Exercise requirements:
The lines from the one containing "UNC Tar Heels" through the end of the entries are what to output; reproduce them exactly and add nothing.

Data:
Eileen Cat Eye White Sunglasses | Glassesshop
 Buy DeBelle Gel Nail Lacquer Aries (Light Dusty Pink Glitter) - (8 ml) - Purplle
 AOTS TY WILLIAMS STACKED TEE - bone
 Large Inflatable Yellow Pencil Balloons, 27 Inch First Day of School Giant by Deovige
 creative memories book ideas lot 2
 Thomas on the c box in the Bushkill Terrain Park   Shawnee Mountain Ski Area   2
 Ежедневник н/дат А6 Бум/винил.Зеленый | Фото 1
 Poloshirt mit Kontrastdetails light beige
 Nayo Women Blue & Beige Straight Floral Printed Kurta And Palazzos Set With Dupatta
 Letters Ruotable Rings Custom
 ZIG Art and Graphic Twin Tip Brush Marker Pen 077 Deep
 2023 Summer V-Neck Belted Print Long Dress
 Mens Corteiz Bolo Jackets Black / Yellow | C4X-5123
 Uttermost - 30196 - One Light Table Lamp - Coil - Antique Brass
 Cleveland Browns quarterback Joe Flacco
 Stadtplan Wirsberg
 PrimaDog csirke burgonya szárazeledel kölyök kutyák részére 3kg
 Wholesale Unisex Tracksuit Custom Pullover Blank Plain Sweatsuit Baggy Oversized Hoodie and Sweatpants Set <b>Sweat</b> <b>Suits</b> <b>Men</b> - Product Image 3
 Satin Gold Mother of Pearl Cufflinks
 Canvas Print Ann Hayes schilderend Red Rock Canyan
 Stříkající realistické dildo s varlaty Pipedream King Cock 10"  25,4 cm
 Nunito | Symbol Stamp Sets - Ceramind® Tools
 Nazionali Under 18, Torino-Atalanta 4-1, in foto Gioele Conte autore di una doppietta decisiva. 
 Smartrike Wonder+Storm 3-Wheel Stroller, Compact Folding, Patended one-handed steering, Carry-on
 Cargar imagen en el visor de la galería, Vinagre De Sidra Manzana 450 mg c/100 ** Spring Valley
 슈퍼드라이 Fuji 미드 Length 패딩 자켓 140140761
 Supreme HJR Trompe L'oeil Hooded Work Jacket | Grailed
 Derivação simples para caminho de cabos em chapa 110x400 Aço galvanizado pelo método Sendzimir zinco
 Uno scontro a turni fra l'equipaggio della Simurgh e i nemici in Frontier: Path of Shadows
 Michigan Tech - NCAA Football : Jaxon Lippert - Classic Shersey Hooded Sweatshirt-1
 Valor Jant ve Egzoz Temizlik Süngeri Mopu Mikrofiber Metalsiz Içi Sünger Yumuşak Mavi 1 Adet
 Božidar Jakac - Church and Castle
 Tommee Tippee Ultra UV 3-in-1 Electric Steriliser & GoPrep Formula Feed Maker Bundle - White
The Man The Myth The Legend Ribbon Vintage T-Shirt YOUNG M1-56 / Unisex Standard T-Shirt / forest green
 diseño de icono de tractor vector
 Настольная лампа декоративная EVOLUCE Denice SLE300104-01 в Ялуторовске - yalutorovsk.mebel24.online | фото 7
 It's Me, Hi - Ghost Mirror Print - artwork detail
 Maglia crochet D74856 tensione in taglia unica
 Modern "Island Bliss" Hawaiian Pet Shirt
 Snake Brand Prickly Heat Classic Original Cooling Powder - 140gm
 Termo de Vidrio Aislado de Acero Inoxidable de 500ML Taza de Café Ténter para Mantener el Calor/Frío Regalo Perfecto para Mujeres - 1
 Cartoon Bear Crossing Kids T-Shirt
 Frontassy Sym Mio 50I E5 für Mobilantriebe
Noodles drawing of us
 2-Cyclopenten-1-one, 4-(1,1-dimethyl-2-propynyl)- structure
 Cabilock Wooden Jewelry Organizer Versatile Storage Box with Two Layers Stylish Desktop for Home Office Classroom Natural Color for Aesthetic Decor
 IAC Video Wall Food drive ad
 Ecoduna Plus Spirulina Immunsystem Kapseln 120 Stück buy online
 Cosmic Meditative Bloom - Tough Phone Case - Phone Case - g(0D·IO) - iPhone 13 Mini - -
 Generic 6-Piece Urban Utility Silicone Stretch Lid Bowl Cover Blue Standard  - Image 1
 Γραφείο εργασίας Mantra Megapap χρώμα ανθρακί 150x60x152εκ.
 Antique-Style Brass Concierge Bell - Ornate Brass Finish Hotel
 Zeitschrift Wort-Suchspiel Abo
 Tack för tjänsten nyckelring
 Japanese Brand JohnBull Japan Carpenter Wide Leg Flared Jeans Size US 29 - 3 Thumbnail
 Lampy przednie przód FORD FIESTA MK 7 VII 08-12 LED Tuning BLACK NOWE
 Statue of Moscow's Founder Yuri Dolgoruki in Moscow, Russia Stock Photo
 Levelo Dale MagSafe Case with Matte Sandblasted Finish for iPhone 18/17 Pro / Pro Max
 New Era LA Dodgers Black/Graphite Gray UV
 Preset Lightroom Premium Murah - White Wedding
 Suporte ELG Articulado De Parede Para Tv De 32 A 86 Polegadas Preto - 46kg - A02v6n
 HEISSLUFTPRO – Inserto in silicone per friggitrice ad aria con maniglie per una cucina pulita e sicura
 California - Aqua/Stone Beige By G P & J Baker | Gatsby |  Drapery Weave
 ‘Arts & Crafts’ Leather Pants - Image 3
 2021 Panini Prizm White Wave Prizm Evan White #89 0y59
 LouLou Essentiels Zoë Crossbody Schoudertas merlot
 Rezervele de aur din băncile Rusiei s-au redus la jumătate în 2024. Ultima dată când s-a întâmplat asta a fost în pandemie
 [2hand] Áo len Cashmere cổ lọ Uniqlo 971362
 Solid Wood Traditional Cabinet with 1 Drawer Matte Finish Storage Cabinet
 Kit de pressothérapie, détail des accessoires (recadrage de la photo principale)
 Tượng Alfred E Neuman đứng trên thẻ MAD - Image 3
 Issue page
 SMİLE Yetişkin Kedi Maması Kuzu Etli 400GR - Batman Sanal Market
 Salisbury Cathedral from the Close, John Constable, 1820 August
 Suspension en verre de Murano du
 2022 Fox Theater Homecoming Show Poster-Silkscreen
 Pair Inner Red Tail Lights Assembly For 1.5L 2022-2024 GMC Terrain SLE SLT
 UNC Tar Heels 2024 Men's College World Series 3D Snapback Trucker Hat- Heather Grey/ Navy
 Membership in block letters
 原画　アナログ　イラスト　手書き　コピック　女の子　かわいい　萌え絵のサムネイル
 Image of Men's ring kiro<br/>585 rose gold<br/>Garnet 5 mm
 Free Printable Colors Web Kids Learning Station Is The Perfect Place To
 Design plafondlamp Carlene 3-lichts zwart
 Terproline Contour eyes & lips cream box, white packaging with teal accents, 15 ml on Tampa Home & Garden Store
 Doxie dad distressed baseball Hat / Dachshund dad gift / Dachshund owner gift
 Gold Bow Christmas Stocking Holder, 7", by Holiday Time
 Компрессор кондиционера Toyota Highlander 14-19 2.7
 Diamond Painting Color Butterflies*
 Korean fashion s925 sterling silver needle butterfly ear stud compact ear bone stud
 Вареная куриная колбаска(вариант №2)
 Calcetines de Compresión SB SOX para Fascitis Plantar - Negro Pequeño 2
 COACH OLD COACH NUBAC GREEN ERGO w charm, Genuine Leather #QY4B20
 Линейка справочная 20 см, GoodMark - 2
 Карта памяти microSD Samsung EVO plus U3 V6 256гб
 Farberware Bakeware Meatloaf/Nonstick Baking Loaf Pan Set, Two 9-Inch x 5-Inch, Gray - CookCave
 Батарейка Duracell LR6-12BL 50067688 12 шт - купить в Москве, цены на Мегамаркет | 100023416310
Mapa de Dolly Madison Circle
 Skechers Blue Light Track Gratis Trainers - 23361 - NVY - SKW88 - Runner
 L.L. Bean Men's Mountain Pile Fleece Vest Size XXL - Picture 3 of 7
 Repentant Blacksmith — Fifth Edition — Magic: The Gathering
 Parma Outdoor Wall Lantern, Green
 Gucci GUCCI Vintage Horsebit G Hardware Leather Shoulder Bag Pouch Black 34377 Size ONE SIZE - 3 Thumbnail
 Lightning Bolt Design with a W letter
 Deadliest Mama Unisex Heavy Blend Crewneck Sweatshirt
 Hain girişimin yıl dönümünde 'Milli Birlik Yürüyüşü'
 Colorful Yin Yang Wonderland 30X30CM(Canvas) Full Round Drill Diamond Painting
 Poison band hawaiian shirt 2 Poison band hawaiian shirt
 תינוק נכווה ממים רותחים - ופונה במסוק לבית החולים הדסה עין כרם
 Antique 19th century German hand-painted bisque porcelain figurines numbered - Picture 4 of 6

Solution:
 UNC Tar Heels 2024 Men's College World Series 3D Snapback Trucker Hat- Heather Grey/ Navy
 Membership in block letters
 原画　アナログ　イラスト　手書き　コピック　女の子　かわいい　萌え絵のサムネイル
 Image of Men's ring kiro<br/>585 rose gold<br/>Garnet 5 mm
 Free Printable Colors Web Kids Learning Station Is The Perfect Place To
 Design plafondlamp Carlene 3-lichts zwart
 Terproline Contour eyes & lips cream box, white packaging with teal accents, 15 ml on Tampa Home & Garden Store
 Doxie dad distressed baseball Hat / Dachshund dad gift / Dachshund owner gift
 Gold Bow Christmas Stocking Holder, 7", by Holiday Time
 Компрессор кондиционера Toyota Highlander 14-19 2.7
 Diamond Painting Color Butterflies*
 Korean fashion s925 sterling silver needle butterfly ear stud compact ear bone stud
 Вареная куриная колбаска(вариант №2)
 Calcetines de Compresión SB SOX para Fascitis Plantar - Negro Pequeño 2
 COACH OLD COACH NUBAC GREEN ERGO w charm, Genuine Leather #QY4B20
 Линейка справочная 20 см, GoodMark - 2
 Карта памяти microSD Samsung EVO plus U3 V6 256гб
 Farberware Bakeware Meatloaf/Nonstick Baking Loaf Pan Set, Two 9-Inch x 5-Inch, Gray - CookCave
 Батарейка Duracell LR6-12BL 50067688 12 шт - купить в Москве, цены на Мегамаркет | 100023416310
Mapa de Dolly Madison Circle
 Skechers Blue Light Track Gratis Trainers - 23361 - NVY - SKW88 - Runner
 L.L. Bean Men's Mountain Pile Fleece Vest Size XXL - Picture 3 of 7
 Repentant Blacksmith — Fifth Edition — Magic: The Gathering
 Parma Outdoor Wall Lantern, Green
 Gucci GUCCI Vintage Horsebit G Hardware Leather Shoulder Bag Pouch Black 34377 Size ONE SIZE - 3 Thumbnail
 Lightning Bolt Design with a W letter
 Deadliest Mama Unisex Heavy Blend Crewneck Sweatshirt
 Hain girişimin yıl dönümünde 'Milli Birlik Yürüyüşü'
 Colorful Yin Yang Wonderland 30X30CM(Canvas) Full Round Drill Diamond Painting
 Poison band hawaiian shirt 2 Poison band hawaiian shirt
 תינוק נכווה ממים רותחים - ופונה במסוק לבית החולים הדסה עין כרם
 Antique 19th century German hand-painted bisque porcelain figurines numbered - Picture 4 of 6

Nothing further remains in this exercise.